Nos decimos a menudo que ellos son sufridores pasivos y poco atendidos en estos tiempos de pandemia. Se ven casi encerrados en los hogares, su vida cotidiana sufre cambios, disfrutan de menos contactos con el exterior y, en todo caso, mucho más controlados. Creo que, a pesar de todo, los creemos más débiles y menos flexibles de lo que en realidad son. Creo que sobre ellos son mayores los efectos de la actitud de los adultos cuando procesan el drama con menos consideración hacia los niños que lo que lo hace la propia pandemia.

Fatiga parental

Este es el primero de los errores sociales e individuales y se da en una proporción considerable. Los adultos con niños, o no pocos de ellos, dan rienda suelta a su ansiedad con cuadros que ya se están clasificando como de fatiga de los padres (“burnout” parental, un “estar quemado”). Esta situación puede llevar a situaciones de peligro para ellos mismos, como sufridores directos, y para los niños que los ven y los sienten padecer así.

En casos suaves, los pequeños ven en sus padres problemas de sueño y peores relaciones entre su madre y su padre. Aparece la dejadez en la atención emocional hacia el niño que, en su interior, culpa difusamente a la Covid-19 de todo eso. También surge en él el temor dramático a perder el paraíso que significan sus padres y, como les sucede muchas veces, la idea de culparse a sí mismo de ello.

Los desastres existen, sí

No cabe duda de que los impactos globales nos afectan y mucho. Pandemias, guerras, ciertos fenómenos naturales, todos generales, se infiltran inevitablemente en nuestras vidas. Nos llegan sin avisar y, cuando menos, con una difusa y desorientada preparación. El virus Covid-19 y la enfermedad general que produce inyectan en el ánimo y la convivencia un caos no previsto y un temor desconcertante. No es una amenaza con efectos fácilmente localizables y no hay un escudo protector previsto. En eso estamos todos de acuerdo.

Pero …….

Es fácil, también, engañarse al respecto y eso es exactamente lo que está ocurriendo.

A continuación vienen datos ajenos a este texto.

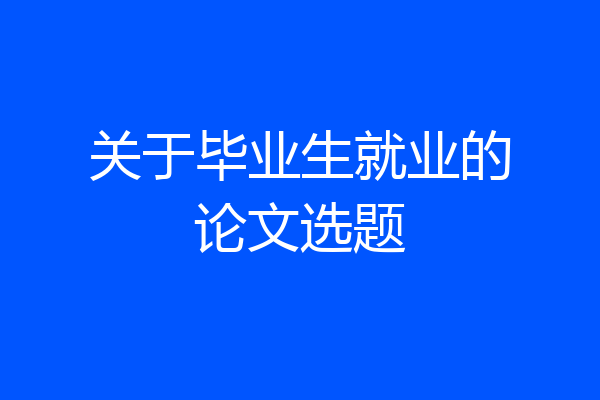 关于毕业生就业的论文选题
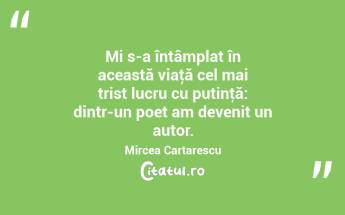 Mi s-a întâmplat în această viaţă cel mai trist lucru cu putinţă: dintr-un poet am devenit un autor. Mircea Cartarescu...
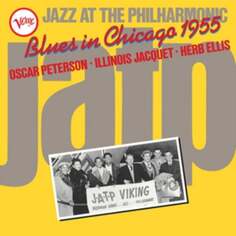 Виниловая пластинка Peterson Oscar - Jazz At The Philharmonic: Blues In Chicago 1955 Verve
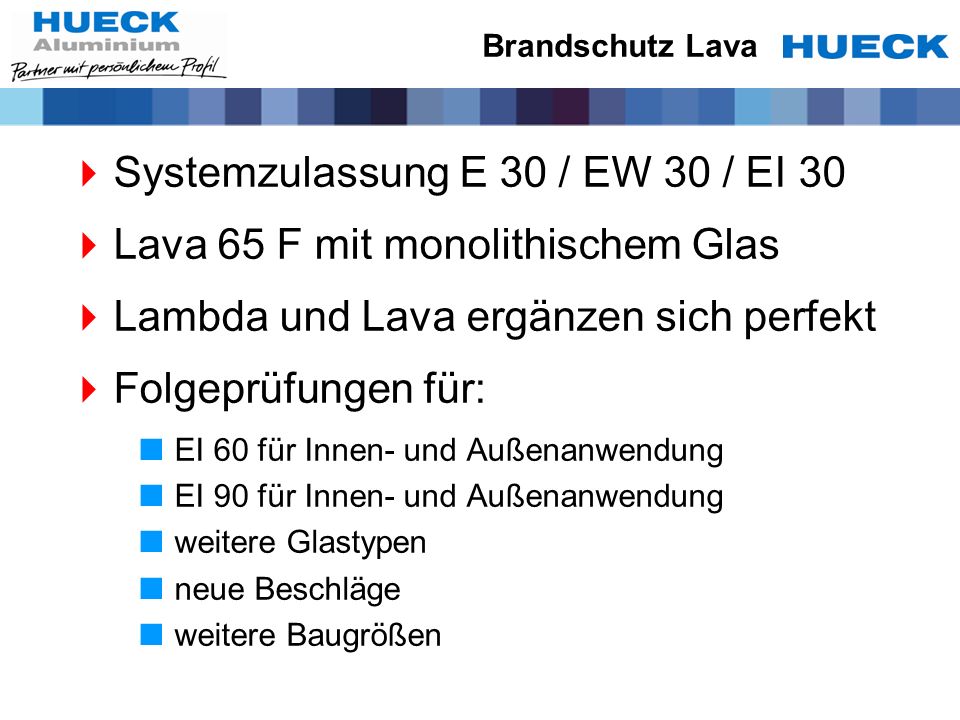 Systemzulassung E 30 / EW 30 / EI 30 Lava 65 F mit monolithischem Glas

Porque si es cierto, cosa que creo, que el presente es la conclusión de todos nuestros pasados, tan exacto es lo inverso. Entrever el futuro, y hacer algo para mejorarlo, depende de cuánto podamos comprender el hoy, lo inmediato, el aquí y el ahora. Y, algo que es extremadamente importante, ofrecer a nuestros niños la perspectiva de que siempre y en todas las ocasiones, hay maneras de navegar en los cambios. Podemos ir en una barca que intentamos reparar sobre la marcha o aprovechar el oleaje como se hace en una tabla de surf.

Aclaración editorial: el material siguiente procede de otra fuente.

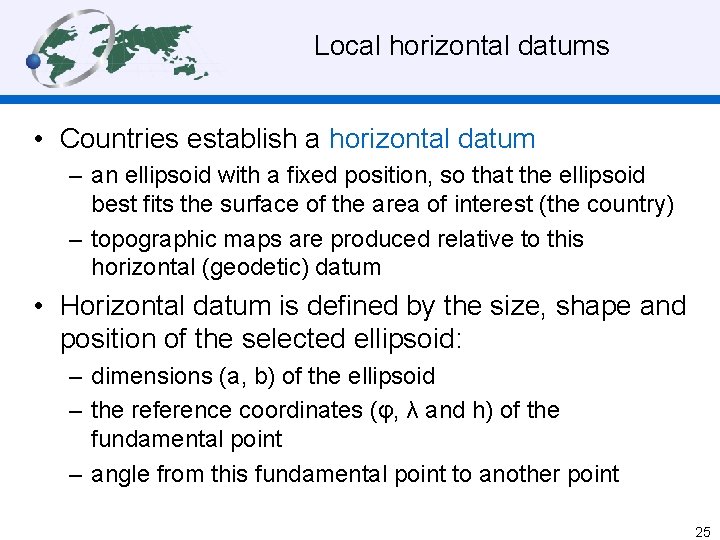 Local horizontal datums • Countries establish a horizontal datum – an ellipsoid with a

En primera instancia dejamos que nuestra ansiedad responda con impulsos a corto plazo. Queremos, primero, parar el golpe aliviando nuestra ansiedad. Según eso nos centramos en dar soluciones-escudo: tenemos un problema y queremos una solución. El objetivo es reducir la ansiedad. Y, ¿es suficiente con eso? ¿Nos deja mejor preparados para la siguiente pandemia?

Un buen legado para ellos

Dar soluciones a los problemas no es lo mismo que aprovechar las posibilidades de avance que esos problemas nos dan, una vez reducido el riesgo presente y calmada nuestra ansiedad inmediata. La visión curiosa ante lo que ocurre y cómo podemos aprovecharla para mejorar la vida con los cambios que se nos ofrecen genera menos estrés y más soluciones de verdad. Y esto es lo mejor que debemos ofrecer a las generaciones que van por detrás de nosotros. Y más que “lo mejor”, es de obligado cumplimiento dejarles un legado de confianza en el futuro.